Unwittingly, Robin had made an album that his subsequent output would inevitably be compared with, but while this reviewer must confess he’d rather lost touch with Sophia in recent years, the sombre, but strangely hopeful ‘Technology Won’t Save Us’ makes it abundantly clear that Proper-Sheppard continues to evolve and engage us with his resolutely personal and frequently moving muse.

Not that ‘Technology…’ casts TOO many rays of sunshine, mind.   The intensely elegiac instrumental title track (which morphs from a skeletal intro into full-on baroque/orchestral grandeur) concerns the true story of a father and his nine year-old son who were drowned off the Cumbrian coast. The album’s title refers to their cries for help heard by helpless would-be rescuers via mobile phone, but the string-drenched requiem Proper-Sheppard has written in tribute is truly a thing of potent, dignified beauty.

The intensity rarely lets up after that, either. Yes, there are a few slightly lighter-hued moments such as the OST leanings of the dusk-y ‘Twilight At The Hotel Moscow’ - which recalls both Talk Talk and the terminally under-rated Bark Psychosis – but mostly Proper-Sheppard excels in both string and horn-scarred chamber-pop delights like ‘Birds’ and the glorious ‘Where Are You Now?’ or the bitter, opiated acoustic introspection offered by songs like ‘Weightless’ and ‘Big City Rot’: this latter finding Robin coming on like a younger, gruffer Peter Perrett and indulging in a sideways swipe at London itself when he sings “I just realised I can’t afford to live in this city/ But who cares? No-one smiles and the weather’s shitty.” Thoroughly well observed, young man.

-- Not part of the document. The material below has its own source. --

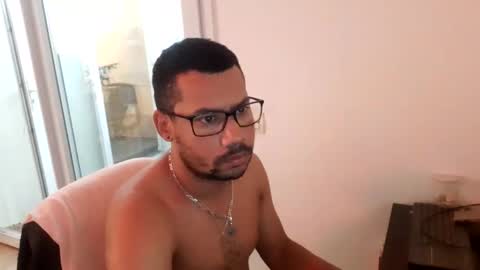 Snapshot of jamielonnas chatting on 4, 2, 2026 Jamie Lonnas online show from 4, 2, 2026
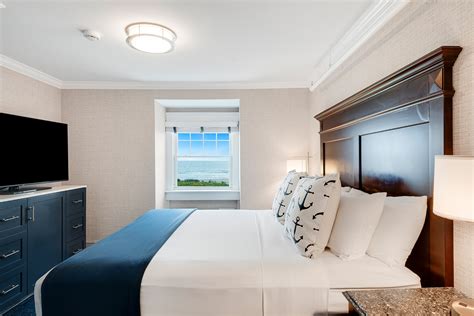 Newport, RI Beachfront Rooms & Suites | Newport Beach Hotel & Suites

Curiously, though, it’s the album’s faster moments that leave the most lasting impression of all. The gotta-be single ‘Pace’ may be dogged by Proper-Sheppard’s ever-pervasive melancholy and a chorus that runs “We can’t change the pace the world spins around us,” but its’ musical backdrop is hugely bracing, with more than a touch of the rarely-celebrated Undercut about it. Equally good is the nervy and bizarrely-titled ‘P1/P2 (Cherry Trees & Debt Collectors), which raises the ghosts of introspective giants like Joy Division and The Sound and – best of all – ‘Lost (She Believed In Angels)’ which finds Proper-Sheppard bravely choking his way through lyrics like “I still believe in the goodness of man despite the evil in my world” and creating arguably the most moving four minutes you’ll hear in any given twelve month spell.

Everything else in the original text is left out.